Un símbolo muy antiguo, se encuentra en diferentes versiones e interpretaciones gráficas, que básicamente consisten en tres segmentos lineales iguales, en forma de espiral, con un extremo común, para formar un vórtice derecho o izquierdo. El Triskell, o triskèle, triscèle, o triskellion, deriva del griego “triskèlés”, que significa “tres piernas”. Y, de hecho, a menudo se representa con tres piernas dobladas, desnudas o armadas de otra manera, como, por ejemplo, en el símbolo de la región de Sicilia o en la bandera de la isla de Mann.

Disponible en casi todas partes, probablemente tiene su origen en Europa, donde ha estado presente desde la época de La Tène, en el siglo IV a.C., quizás como resultado de la evolución cultural de la espiral, muy extendida desde el Neolítico.

Del complejo y oscuro significado – a pesar de la geometría que lo caracteriza, simple de repetir – el Triskell, como símbolo considerado en su absolutismo, y como símbolo de la cultura celta en este caso, se refiere, en su versión derecha, a la esquematización del movimiento del sol. El movimiento, por lo tanto, es el significado predominante de este símbolo, pero también la búsqueda perenne del conocimiento de la vida y la muerte, y de nuevo, el crecimiento personal, la expansión espiritual, el desarrollo humano, la trinidad. Trataremos más profundamente estos conceptos en los siguientes párrafos.

TRISKEL: SÍMBOLO Y SIGNIFICADO

Acabamos de señalar la dificultad de interpretación de Triskell, probablemente porque tiene más significado dentro de él.

Hay que partir de la consideración de que en este símbolo hay un movimiento evolutivo y otro involutivo, que encuentran en el movimiento un punto de encuentro que equilibra las fuerzas opuestas; de esta manera, gracias a esta tercera fuerza, no hay dispersión de energía, energía producida precisamente por los tres movimientos.

El principio trinitario, presente en todas las culturas antiguas y también en la católica, representa “lo no creado” entre los pueblos celtas, que se expresa en tres principios fundamentales, Agua, Aire y Fuego, de los cuales se originan todas las fuerzas creadas por el Universo.

Los tres principios, simbolizados por tres líneas, por tres rayos, constituyen la Divinidad: Lugh, Ogmios y Taranis/Nuada son las divinidades que descienden de Dios.

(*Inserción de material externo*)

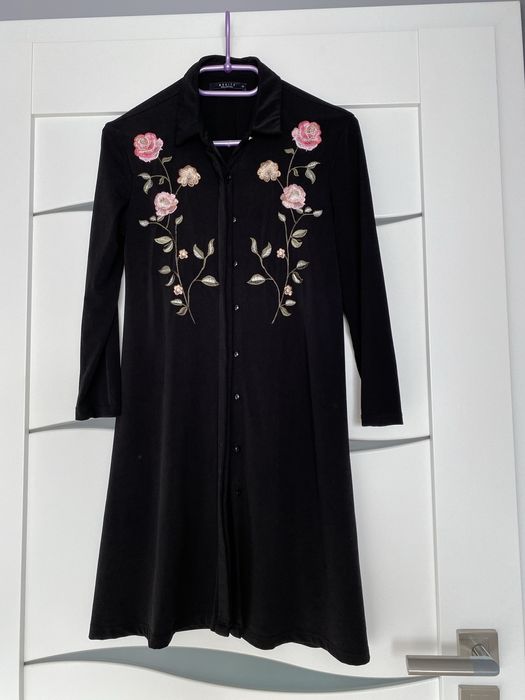 Czarna tunika kwiaty Mohito r. XS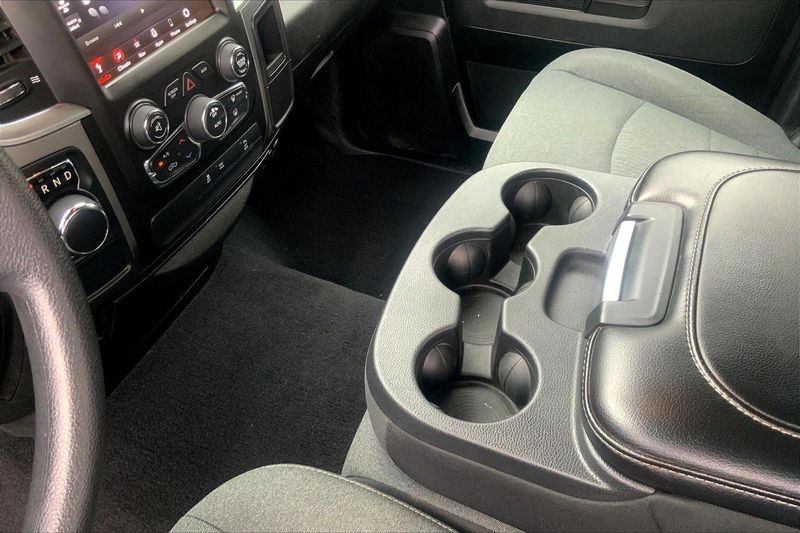 2021 Ram 1500 Classic Warlock photo 17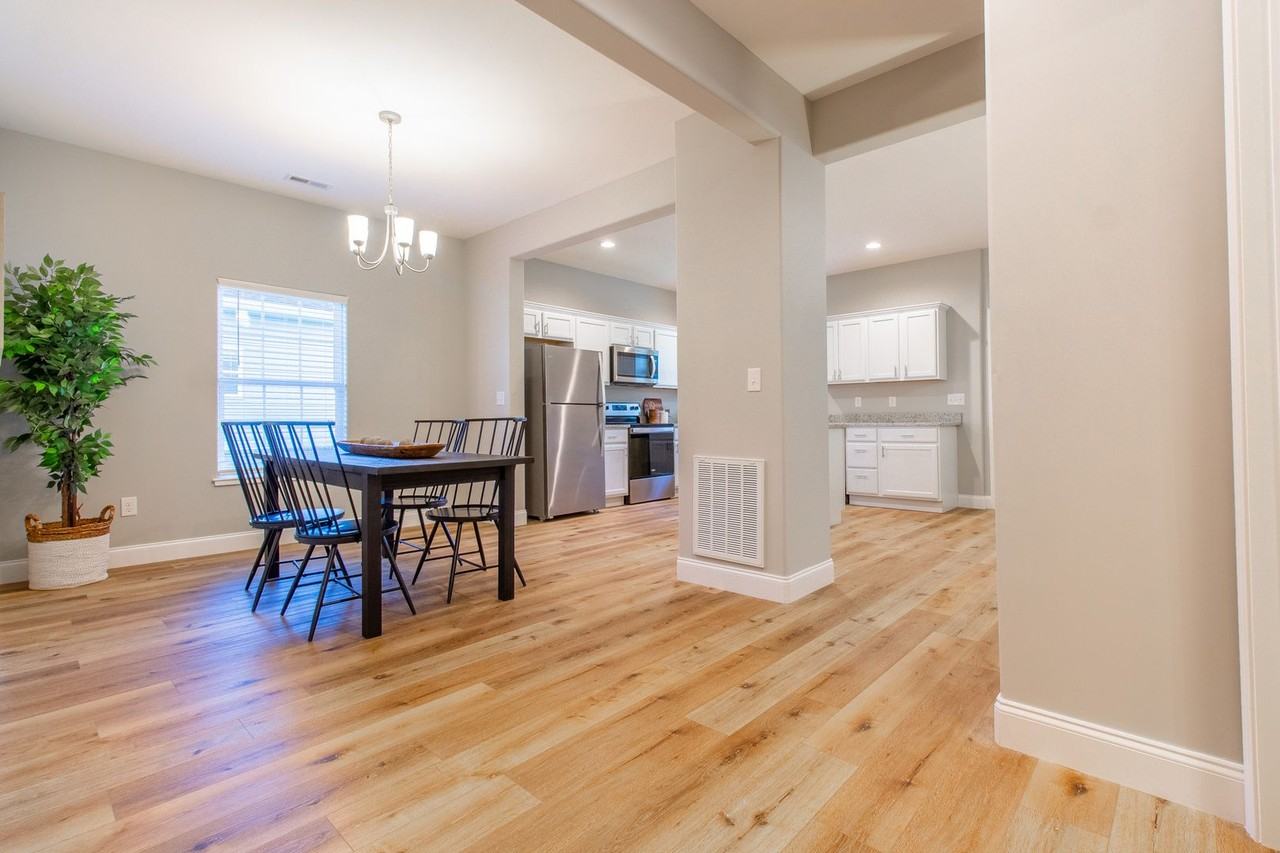 3460 Frylee Ct - Photo 4 of 31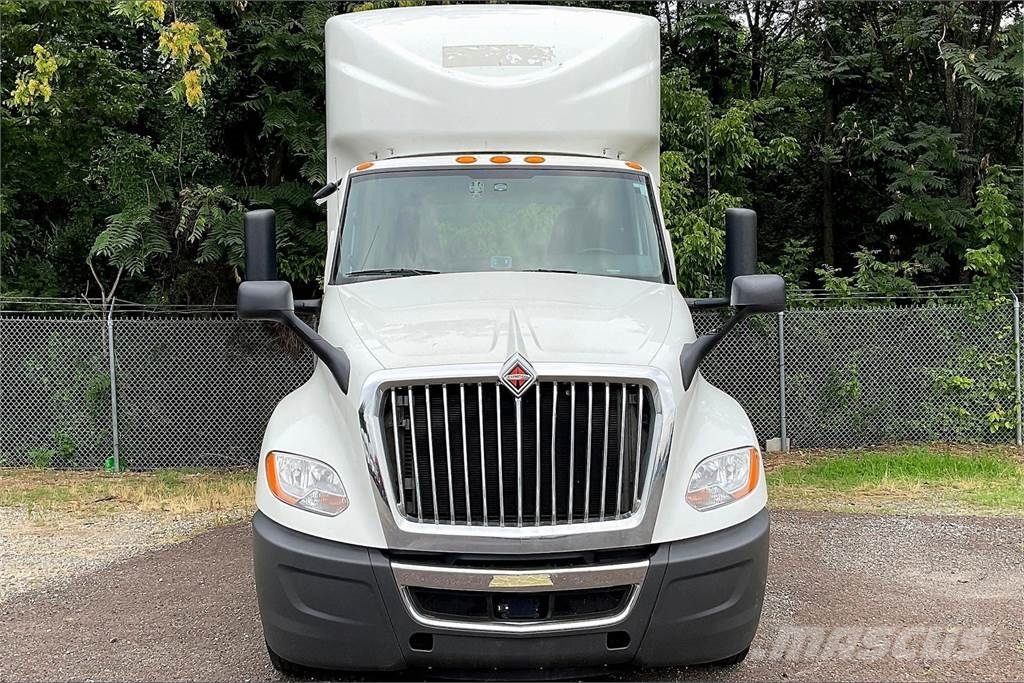 International LT625 6x4 Prime Movers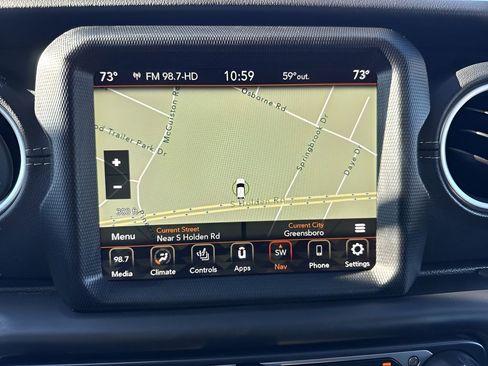 Used 2021 Jeep Gladiator Overland w/ Uconnect 4C Nav & Sound Group image 18
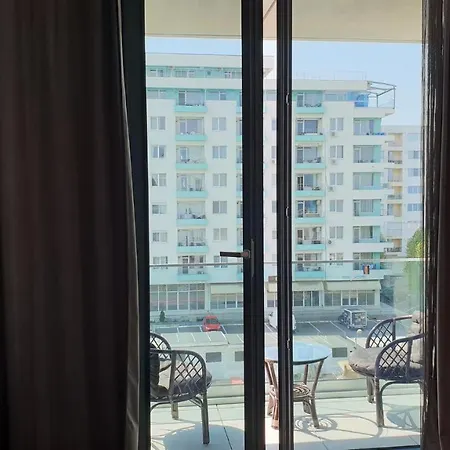 Apartament Inchis Vandut Iulie - Numai Rezervati 아파트 마마이아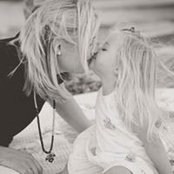 Elina Cameron's photo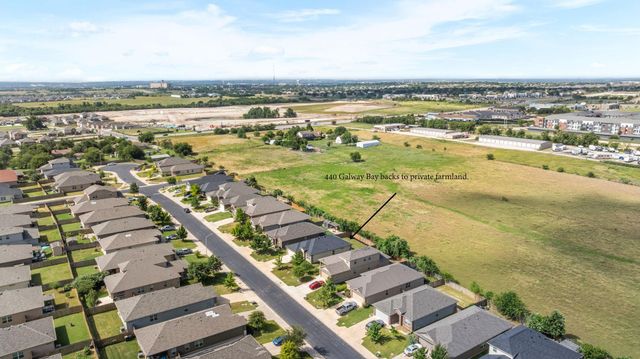 440 Galway Bay LN, Georgetown, TX 78626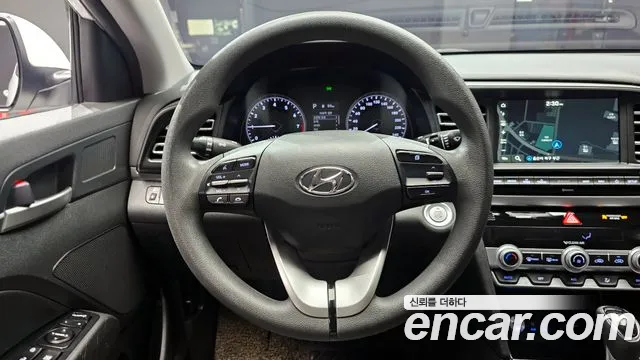 Hyundai AVANTE 2020 — фото 13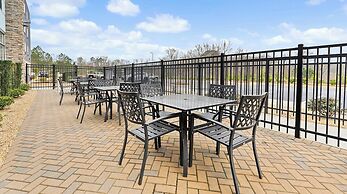 Holiday Inn Express & Suites Macon North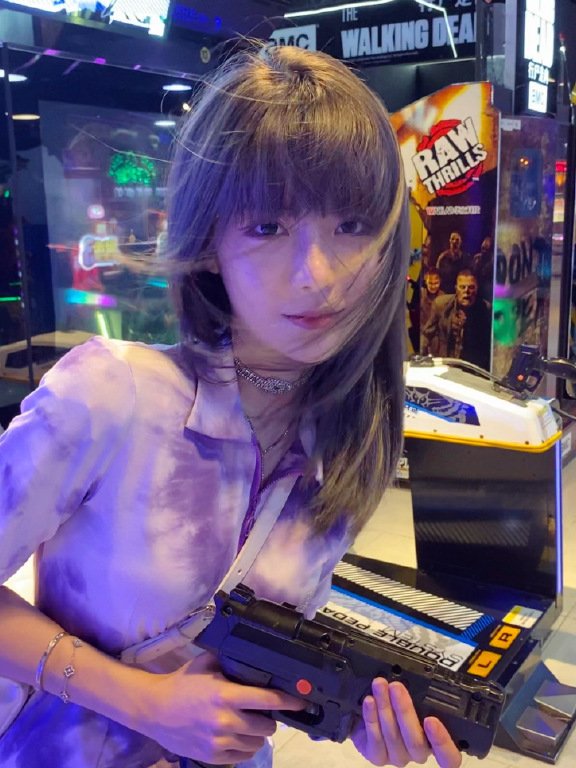 斗鱼周淑怡张颜齐什么关系 打游戏一起双排甜蜜了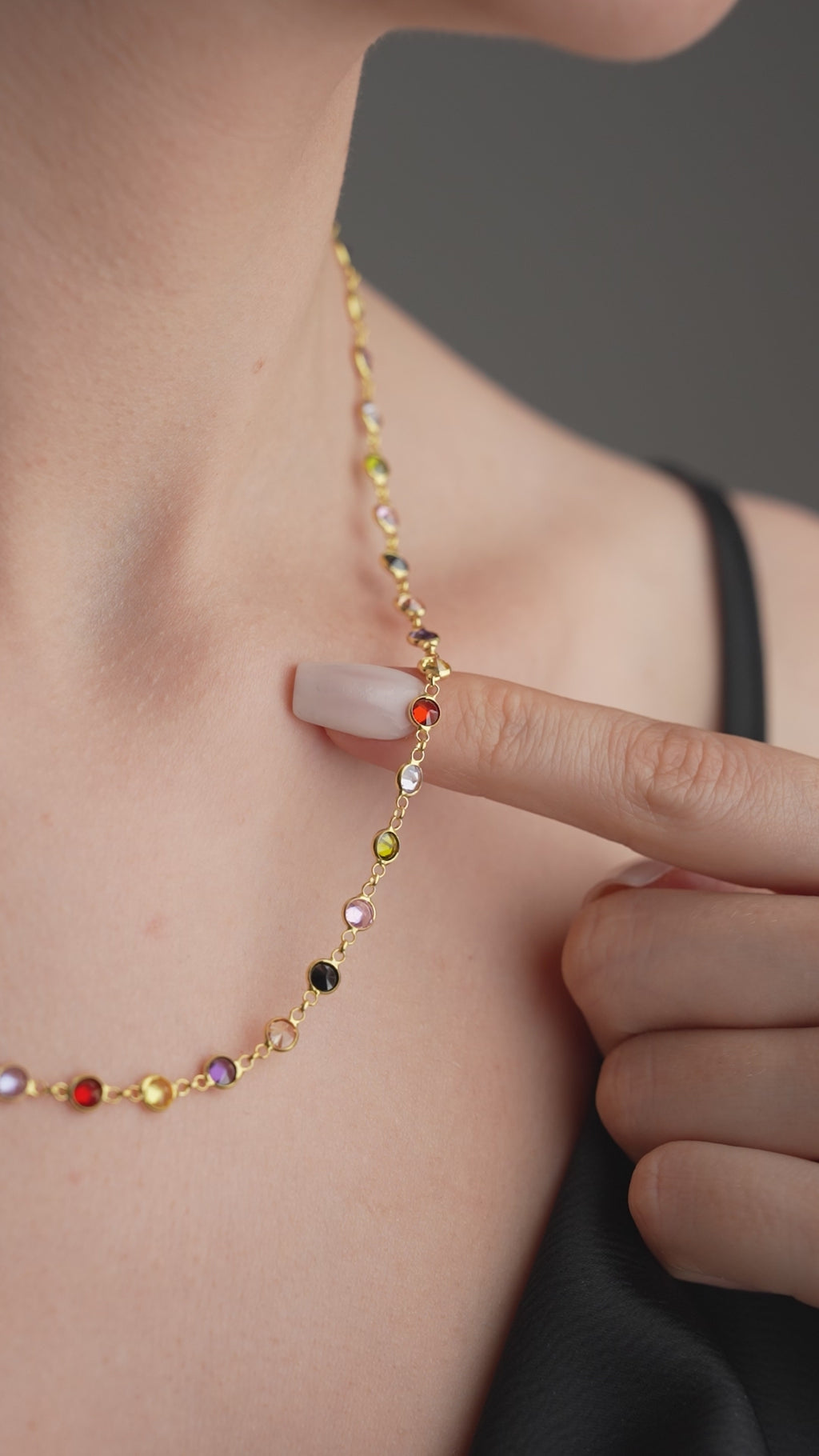 KRAGE i FÄRGERFÄRG ZIRCONIA STEN | 925 SILVER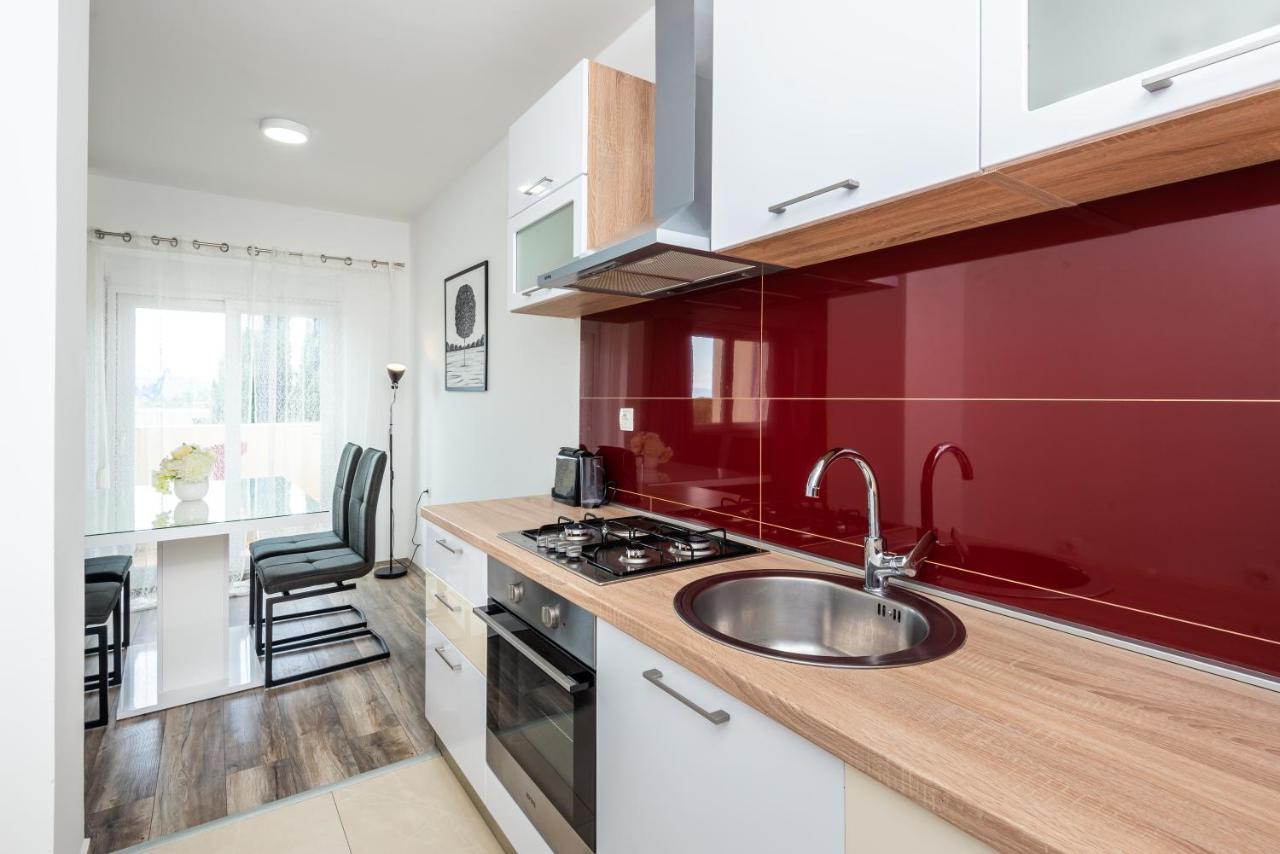 Apartment Tina Ploce  Bagian luar foto
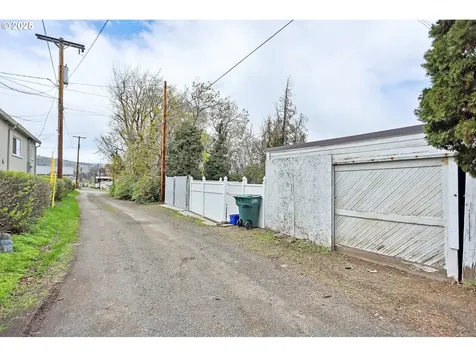 512 W 12th Street The Dalles OR 97058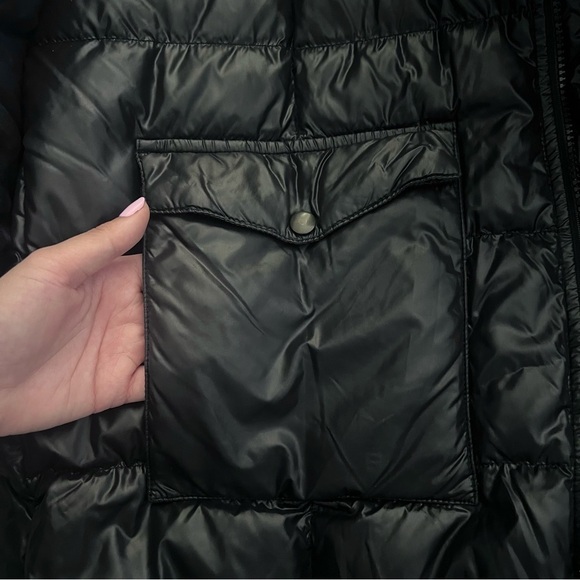 Pyrenex Down Puffer Jacket w/ Fur Trimmed Hood in Black - Size L - Picture 8 of 11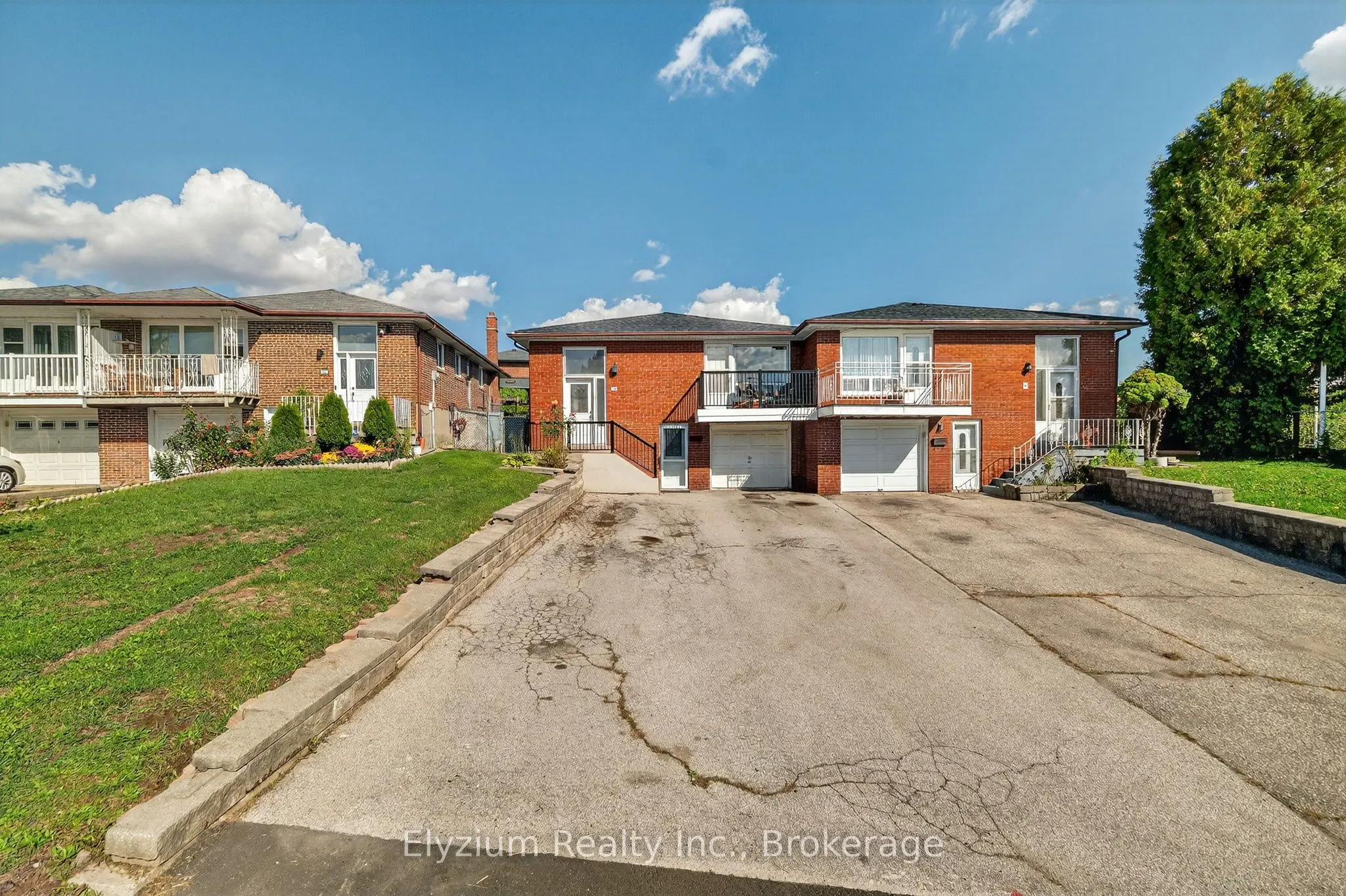 35 Paradelle Crescent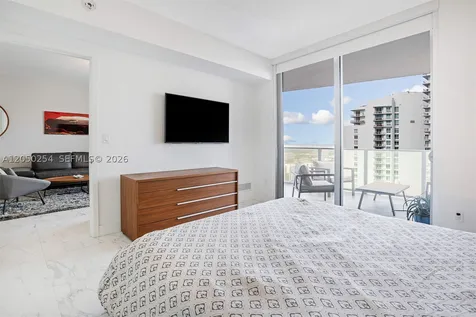488 NE 18th Street Miami FL 33132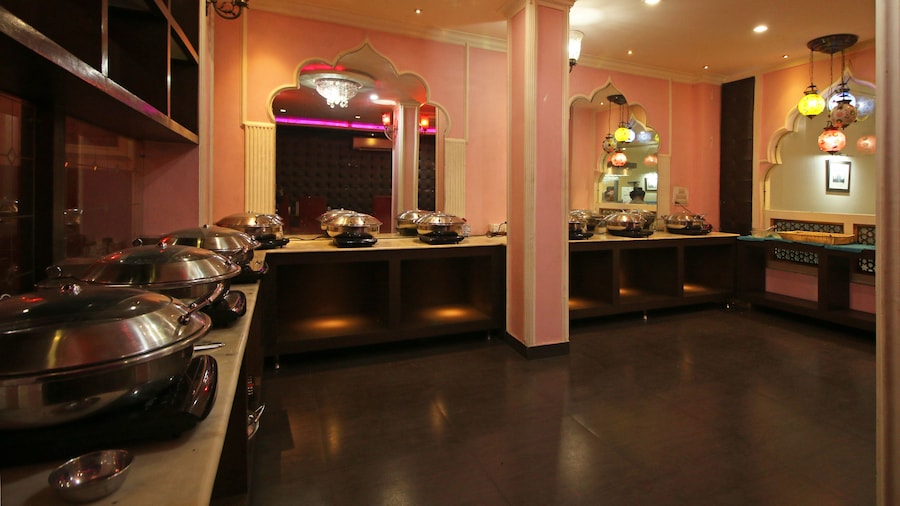 OYO 8095 Hotel Taj Castle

Dios más importante para los celtas, Lugh es el dios de la creación, el intercambio y la comunicación, que hace la unión de lo que está arriba con lo que está abajo. Ogmios es el dios de la justicia y el equilibrio, inventor del sagrado y mágico alfabeto Ogham. Taranis/Nuada, finalmente, representa al dios Rey, símbolo de las almas, el conocimiento y la sabiduría; en la base de todas las formas de vida, es el maestro del cielo y el fuego, la rueda cósmica de los días y las noches.

A través de estos tres principios, el Triskell une sus tres energías en una, en un movimiento continuo, concepto previsto al principio del tratamiento: la energía así producida, así liberada, permite “transmitir” la energía primordial en la materia, “actuando” en tres niveles, a saber, el plano físico, el energético y el espiritual.

LAS MÚLTIPLES INTERPRETACIONES DE TRISKEL

Hay numerosas interpretaciones a las que se presta el simbolismo ternario de Triskell, el concepto de la tríada que se acaba de enfrentar, entre los celtas.

En primer lugar, las tres fases solares (amanecer, mediodía, puesta de sol) y la triple composición del universo según la tradición celta (es decir, el fuego, la tierra y el agua, que también representa el aire en estado líquido). Y de nuevo las tres edades del hombre (infancia, madurez, vejez), las tres naturalezas de la divinidad (humana, animal, vegetal), los tres aspectos de la diosa (virgen, madre, anciana – madre, hija, hermana).

El Triskell también indica los tres aspectos del tiempo (pasado, presente y futuro) y los tres elementos del hombre (espíritu, alma y cuerpo). Pero también puede simbolizar la triple composición de la sociedad celta con sus tres clases, a saber, la guerrera, la sacerdotal y la productiva. Y de nuevo, los tres mundos mitológicos de la cultura druida: el Mundo del Inframundo, donde viven espíritus, dioses y diosas, el Mundo Mortal, donde la humanidad convive con plantas y animales, y el Mundo Celestial, donde las fuerzas invisibles viven y se mueven.

Otra lectura, finalmente, vincula el Triskell al movimiento lunar, probablemente debido a las tres fases de la Luna (luna nueva, luna llena y luna menguante) y ve en este símbolo el misterio, el aspecto femenino, la intuición, pero también la iluminación, el subconsciente, el deseo oculto.